## Supplied records

※ ※ ※

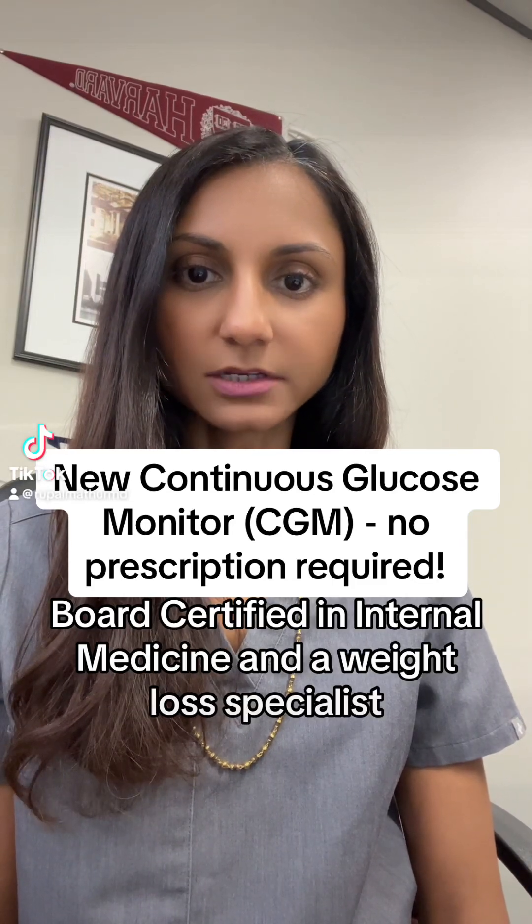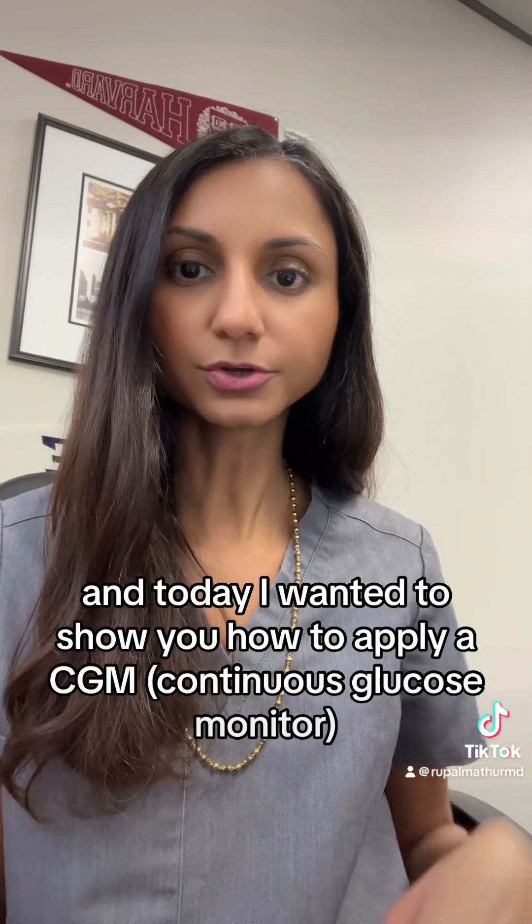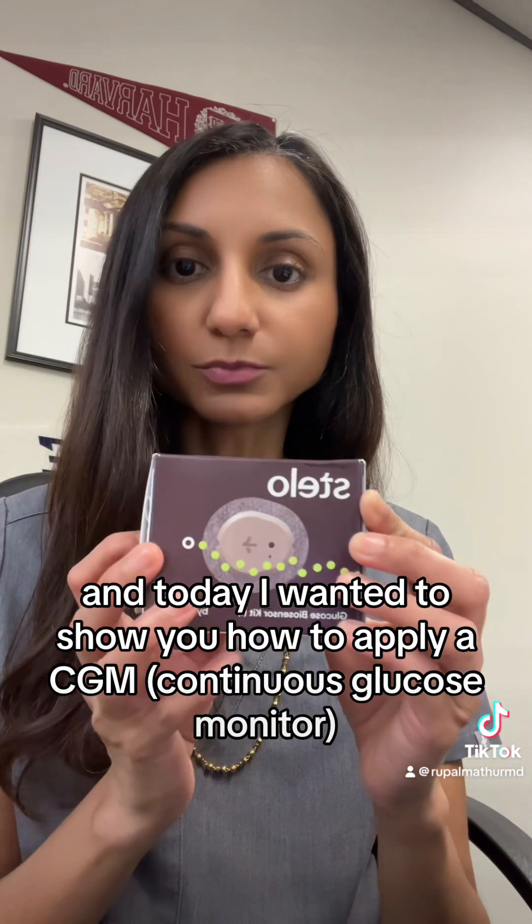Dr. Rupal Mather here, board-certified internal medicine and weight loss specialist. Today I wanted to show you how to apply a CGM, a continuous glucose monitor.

※ ※ ※

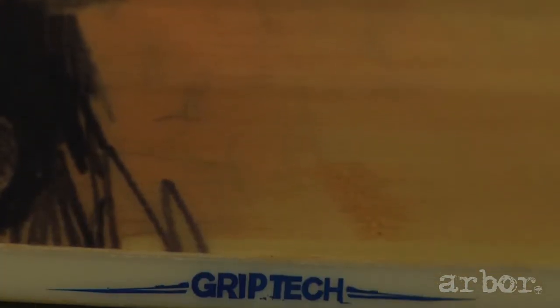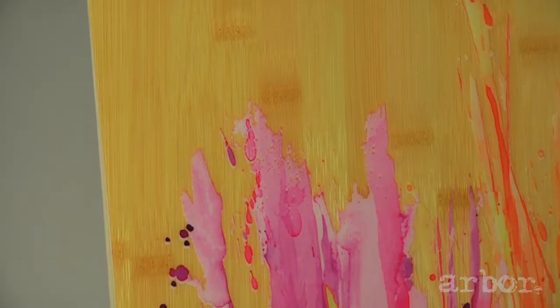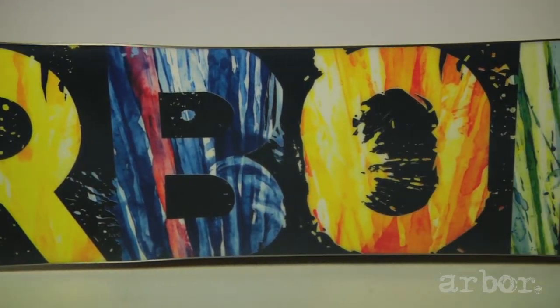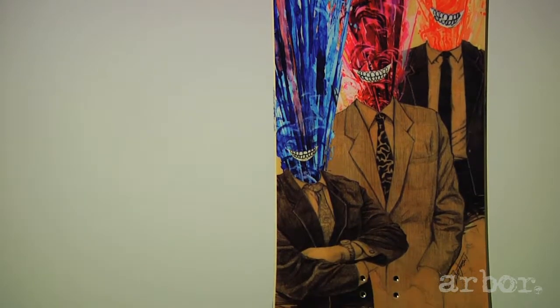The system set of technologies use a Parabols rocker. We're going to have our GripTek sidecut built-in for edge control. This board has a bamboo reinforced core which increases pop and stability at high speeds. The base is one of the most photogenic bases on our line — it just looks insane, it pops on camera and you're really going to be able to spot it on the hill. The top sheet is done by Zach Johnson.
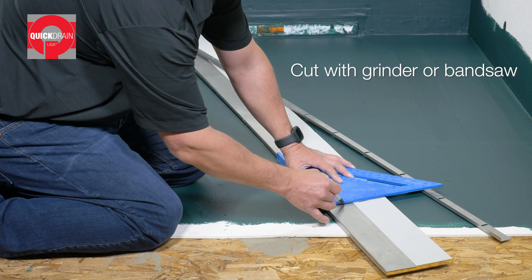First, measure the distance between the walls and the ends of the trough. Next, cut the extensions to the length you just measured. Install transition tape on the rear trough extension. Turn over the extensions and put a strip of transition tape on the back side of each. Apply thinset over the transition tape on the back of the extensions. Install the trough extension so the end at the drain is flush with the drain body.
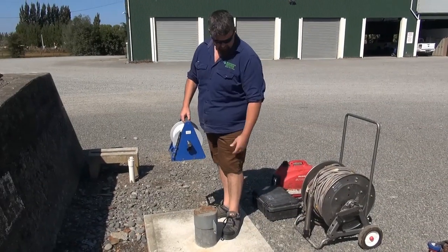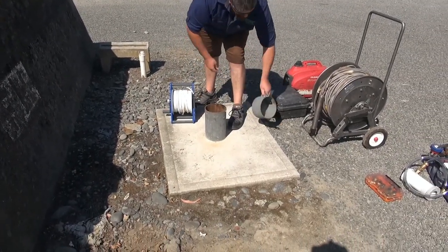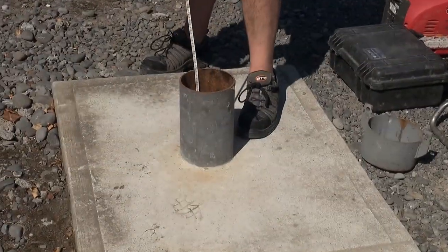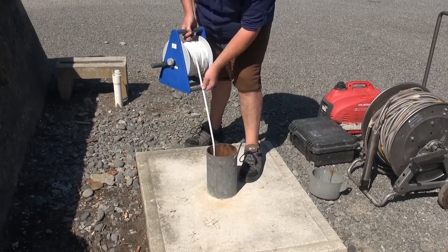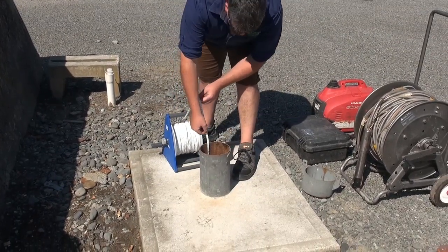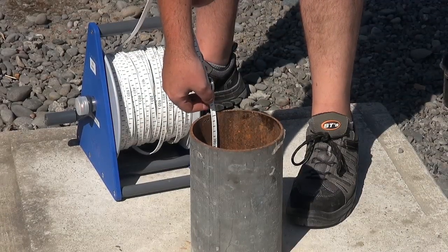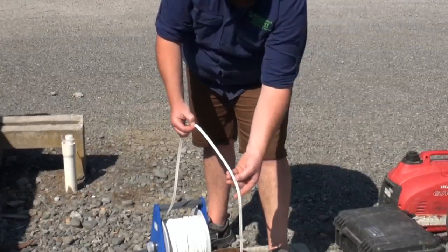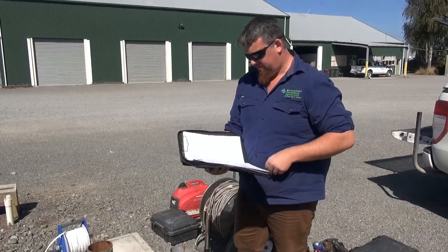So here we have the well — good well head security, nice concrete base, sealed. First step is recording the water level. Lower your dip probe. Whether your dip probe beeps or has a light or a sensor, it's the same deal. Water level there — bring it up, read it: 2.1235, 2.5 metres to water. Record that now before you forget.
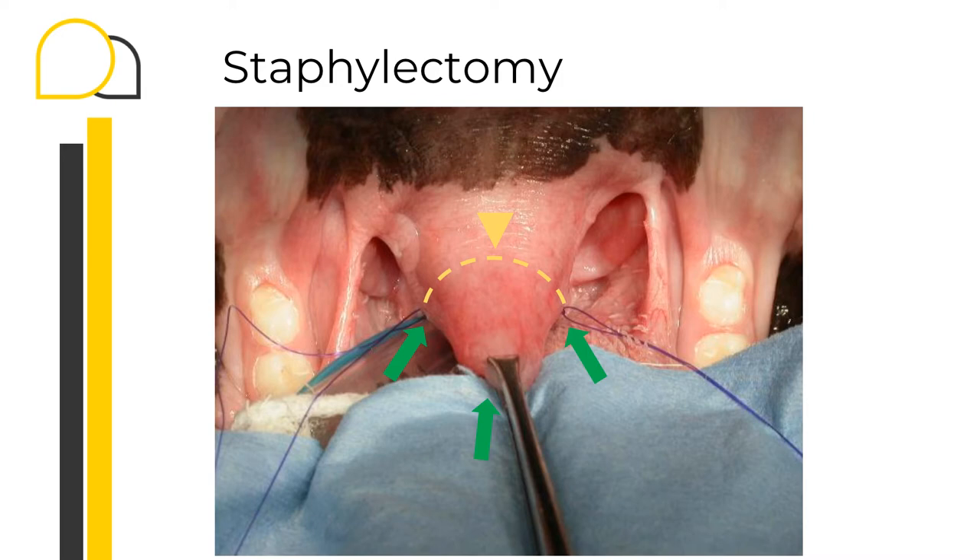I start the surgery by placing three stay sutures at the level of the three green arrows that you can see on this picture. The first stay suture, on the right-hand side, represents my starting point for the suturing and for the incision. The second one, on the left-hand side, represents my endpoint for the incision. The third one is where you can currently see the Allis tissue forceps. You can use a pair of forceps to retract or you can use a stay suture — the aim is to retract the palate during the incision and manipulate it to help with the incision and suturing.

※ ※ ※

## Instructions to follow
Copy exactly, without pictures, the lines above from the one with "The system set" down to the one with "I start the", inclusive.

## Output of the task
The system set of technologies use a Parabols rocker. We're going to have our GripTek sidecut built-in for edge control. This board has a bamboo reinforced core which increases pop and stability at high speeds. The base is one of the most photogenic bases on our line — it just looks insane, it pops on camera and you're really going to be able to spot it on the hill. The top sheet is done by Zach Johnson.
First, measure the distance between the walls and the ends of the trough. Next, cut the extensions to the length you just measured. Install transition tape on the rear trough extension. Turn over the extensions and put a strip of transition tape on the back side of each. Apply thinset over the transition tape on the back of the extensions. Install the trough extension so the end at the drain is flush with the drain body.
So here we have the well — good well head security, nice concrete base, sealed. First step is recording the water level. Lower your dip probe. Whether your dip probe beeps or has a light or a sensor, it's the same deal. Water level there — bring it up, read it: 2.1235, 2.5 metres to water. Record that now before you forget.
I start the surgery by placing three stay sutures at the level of the three green arrows that you can see on this picture. The first stay suture, on the right-hand side, represents my starting point for the suturing and for the incision. The second one, on the left-hand side, represents my endpoint for the incision. The third one is where you can currently see the Allis tissue forceps. You can use a pair of forceps to retract or you can use a stay suture — the aim is to retract the palate during the incision and manipulate it to help with the incision and suturing.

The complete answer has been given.